Sarcoïdose is een ziekte van het afweersysteem. Vroeger werd het ook wel Besnier-Boeck (Schaumann) genoemd. Door een onbekende oorzaak ontstaan ontstekingen in bijvoorbeeld de longen, huid, hart, zenuwstelsel, ogen of gewrichten. Afweercellen (witte bloedlichaampjes) hopen zich op in organen of lymfeklieren en kunnen klachten geven. Deze opeenhopingen noemen we granulomen. Dit kan overal in het lichaam optreden.
Voorkomen
Sarcoïdose is een zeldzame aandoening. Exacte cijfers over hoe vaak het voorkomt in Nederland zijn er niet. Naar schatting zijn er 20 mensen per 100.000 inwoners per jaar die sarcoïdose ontwikkelen. Het voorkomen wordt geschat op 50 per 100.000 inwoners, wat in Nederland neerkomt op zo’n 7000-8000 sarcoïdose patiënten in totaal.
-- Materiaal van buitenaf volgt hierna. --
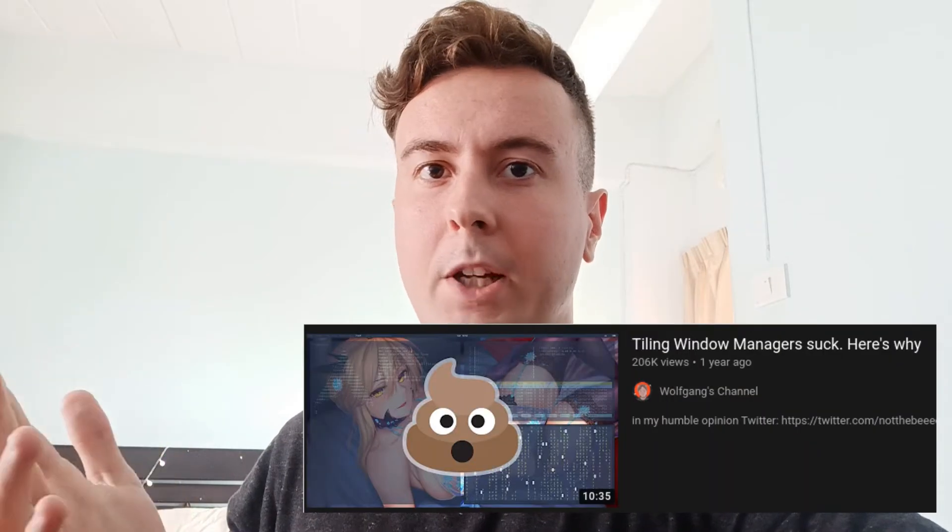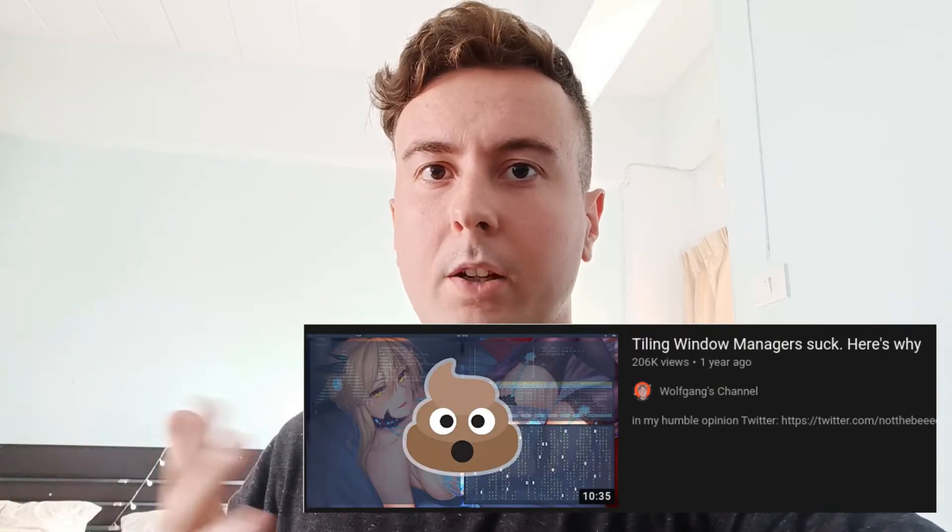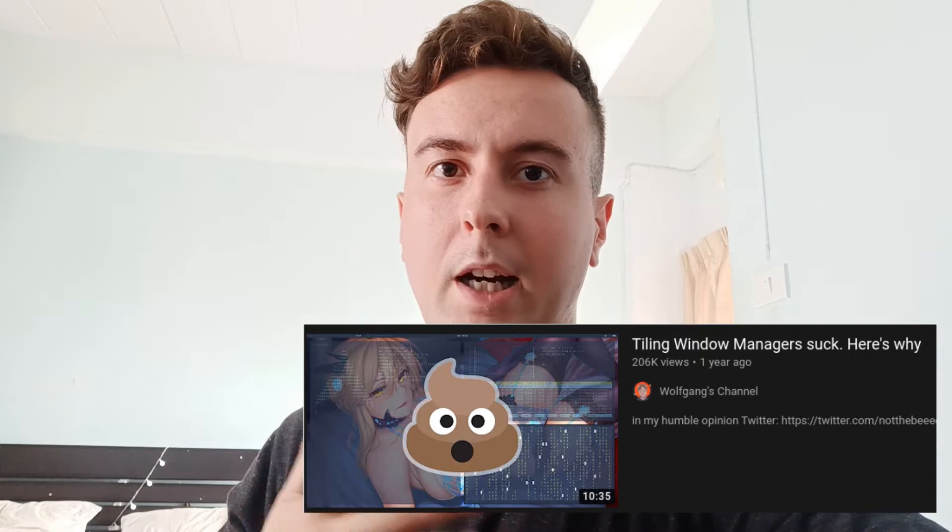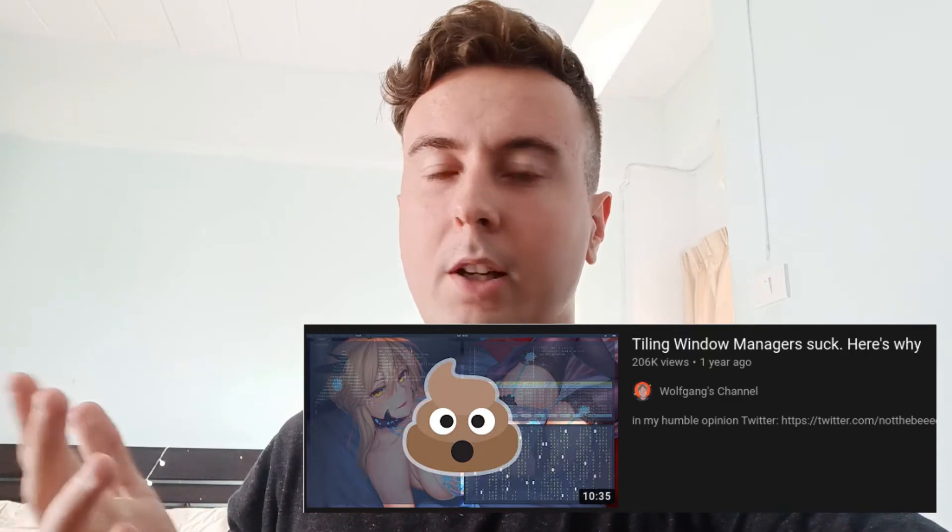It's supposed to be a lot more efficient and productive than using a traditional window manager where windows just stack on top of each other. Maybe you're interested in switching to a tiling window manager, or maybe you already have, but they're not without their criticisms. For example, this video by Wolfgang goes over a few points on why he basically doesn't think you should use tiling window managers.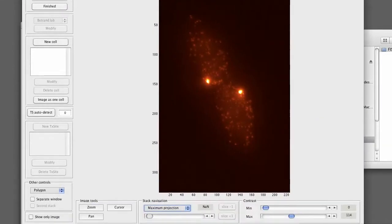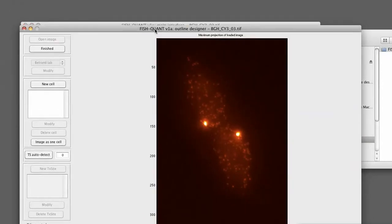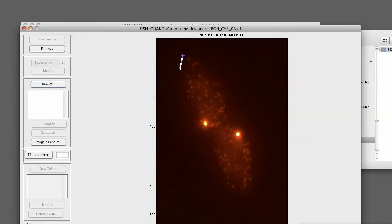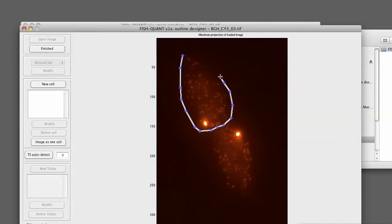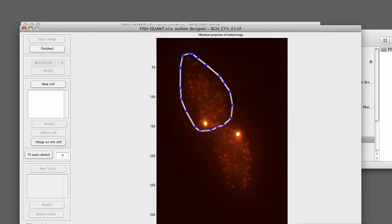As a geometry, we set the polygon. We press new cell. The cursor will then transform into a cross. Depending on your computer, this might take a little while. So just wait for a few seconds. We move over the image. You see it's a cross. We define the outline by simply pressing to define the knots of the polygon. As soon as we are done, we go back to the first point. The cross transforms to a circle and we double click. The outline will turn into a green solid line and we see that cell 1 was added to the list.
Sarcoïdose komt zowel bij mannen als bij vrouwen voor en kan op iedere leeftijd ontstaan. Bij mannen zien we een piek tussen 30-50 jaar en bij vrouwen een piek tussen 50 en 60 jaar. Het komt ongeveer net zo vaak bij mannen als bij vrouwen voor.
Vormen van sarcoïdose
Er zijn globaal 2 vormen te onderscheiden:
- Acute sarcoïdose: in een korte tijd heeft de patiënt plotseling heftige klachten ontwikkeld zoals o.a. paars-rode vlekken op de huid (erythema nodosum), pijnlijke/gezwollen gewrichten (vaak enkels), koorts, gewichtsverlies, moeheid, lymfklierzwellingen.
Ondanks dat het begin heftig kan zijn geneest een groot deel van de patiënten binnen 1-2 jaar (ongeveer 80%), vaak zonder behandeling.
- Chronische sarcoïdose: vaak ontstaan hier de klachten geleidelijk aan en zijn in begin minder heftig. Afhankelijk van de plaats waar de ontstekingen zitten ontwikkelen patiënten specifieke maar ook niet-specifieke klachten (zoals moeheid, pijn, geheugenstoornissen). Er kunnen periodes zijn dat de klachten erger worden (opvlammingen).